Two implementations that have to agree to the byte
Maintaining a cryptographic provenance protocol with a Rust canonical core and a Python reference, where bit-identical conformance is not a nice-to-have. It is the spec.
Maintaining a cryptographic provenance protocol with a Rust canonical core and a Python reference, where bit-identical conformance is not a nice-to-have. It is the spec.
Data leaks usually get detected long after the fact, and attribution is rarely possible. That is the gap Oversight Protocol exists to close. It seals a document to named recipients, logs a transparency attestation, and embeds multi-layer watermarks so a leaked copy can be traced back to the specific recipient who held it, without the document ever phoning home. I am the lead maintainer, and most of what I have learned maintaining it comes from a single hard constraint I imposed early.
There are two reference implementations. A canonical Rust workspace and a Python implementation. They have to produce bit-identical output, proven by cross-language conformance tests. A Python-sealed envelope must open in Rust and a Rust-sealed one must open in Python. That requirement governs every decision, and it is the most disciplined I have ever had to be about an interface.
The rule is absolute: RustCrypto and vetted library primitives only, no custom constructions in the stack. The classical operations run on the standard library bindings; the post-quantum hooks use audited implementations of ML-KEM-768 and ML-DSA-65. I am not smart enough to invent cryptography that is safe, and neither is almost anyone, and the cryptographers who are do not do it in a side project's commit history. Every primitive in Oversight is one that people far more careful than me have already broken and rebuilt.
The protocol is hybrid post-quantum from day one. Classical X25519 and Ed25519 run side by side with the post-quantum KEM and signature schemes. If one family falls, the other still holds. Building that in from the start was cheaper than retrofitting it later, and the threat it guards against is patient by nature.

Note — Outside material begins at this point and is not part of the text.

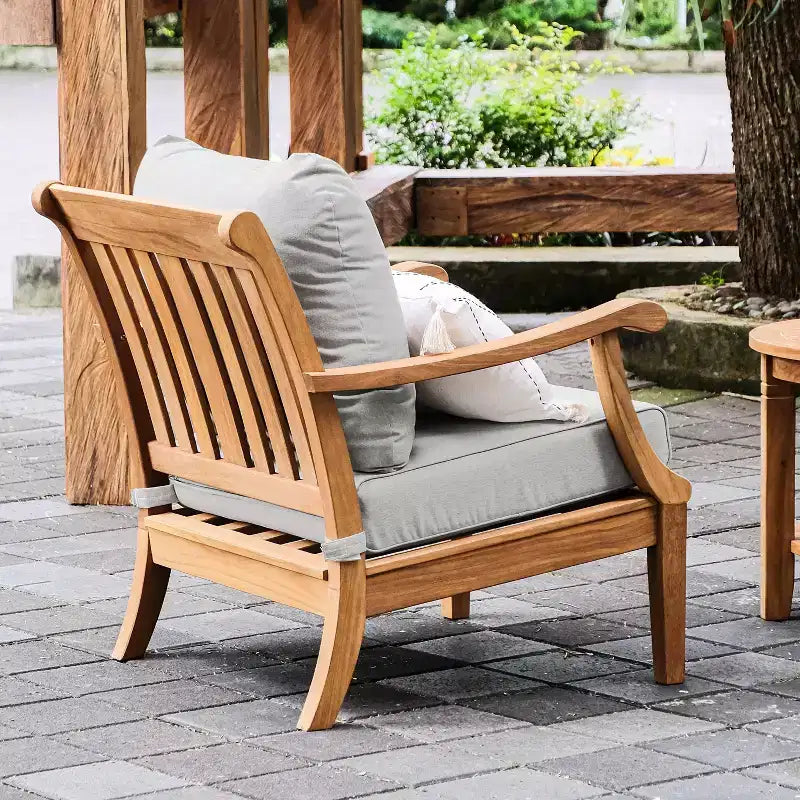 Sonoma Lane Forney 2pc Teak Wood Outdoor Lounge Chairs with Oyster Cushions - Weather-Resistant, Zippered Cushions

The hardest engineering in the project is not the cryptography. It is making two languages agree exactly. When the Rust core grew its half of the hybrid DEK wrap, the test was not does it work. The test was does a Python-wrapped envelope open in Rust and vice versa, with the same key derivation inputs in the same order, the same HKDF salt and info, the same AEAD additional data, the same hex JSON shape. Any difference, even in field ordering or a canonicalization edge case, and the two implementations silently diverge into incompatible dialects of the same protocol.
This is where most of the bugs hid. Not in the math, in the seams: a canonicalization that ordered keys differently, an inline policy check on one open path that the other path skipped. The conformance harness is what surfaces them, and I have come to treat a failing parity test as more valuable than a passing feature test. A feature test tells me my code works. A parity test tells me the spec is real.
One decision I will not move on: the watermarking is passive. No beacons, no callbacks, no remote access. A sealed file is inert. It does not reach out, it does not check in, it does not open a channel anyone could abuse. The leak is detected by inspecting a recovered copy against the transparency log, not by the file calling home.
That constraint costs me features people occasionally ask for. It is also the difference between a provenance tool and a surveillance tool, and I would rather ship the smaller honest thing. Transparency comes from Sigstore Rekor v2, with RFC 3161 qualified timestamps as a fallback proof path, so the attestation is publicly auditable without trusting me or any single server. The whole design is built so that nobody has to take my word for anything.